"I had heard about you from others," she answered, in a confused tone, averting her face from him. "I—I have a horror of people who drink. I had seen things about you in the papers——"
"Oh, I don't pretend to be a saint!" he broke in. "My life is my own—it's of no value to any one but myself; and what I do with it is no one's concern but my own. My flawless cousin is perpetually playing guardian angel to me. It is a part he enjoys, and he ought to be grateful to me for providing employment for him in that capacity."
"It is your paltry sneers about your cousin that make me dislike you, Mr. Armstrong!" Laline flashed out at last. "I am not one of the women who care for dissipated heroes or who believe in the love of reformed rakes; and I see nothing to sneer at in the unselfish goodness of an honourable man towards an ungrateful relative. The sneers and sarcasm, to my mind, should be for the man who deliberately indulges in degrading vices and then poses as unloved and misunderstood because well-conducted people have no wish to know him."
Just for one second a look of furious anger shot from Wallace's eyes. Then he turned humble again.
"I beg your pardon," he said, "for seeming to disparage my cousin. But why should he have everything and I nothing?
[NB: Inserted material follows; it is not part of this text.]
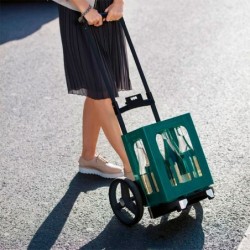Carro para Compras – Citycruiser Rack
Is it not enough to be accepted as my uncle's heir—to be rich, successful, and popular, and a partner in one of the finest businesses in London—but he must also have the love of one of the best and purest and most beautiful of women? Why should he have everything and I nothing? In this very house, every corner of which I knew as a boy, I have had for weeks and months past to slink about like a hunted thief, flying from the man who should by rights stand to me in the place of a father. I have been allowed here on sufferance by my cousin and the butler, who take it upon them to lock up everything but tea and soda-water while I am about, and who watch me as though I were a dangerous wild beast. Do you think such treatment tends to sweeten a man's disposition or to make him think better of his fellow-creatures?"
"You did not look, when I entered, as though you were here on sufferance, or as if you greatly feared being found here by Mr. Wallace," Laline remarked, coldly.
"No; but for this immunity I have had to do penance with bell and candle. I was only taken back into favour this morning at Lorin's intervention, and have had to promise and vow unheard-of things in the way of reformation before my uncle would condescend to shake hands with me."
"And it was Lorin who brought the reconciliation about?"
"Oh, Lorin—always Lorin to the fore in good works!" he sneered. "I think in this case it was as a set-off in the ledger of his conscience against having gone for me and called me bad names last night."
"Is it possible you feel no gratitude towards him?"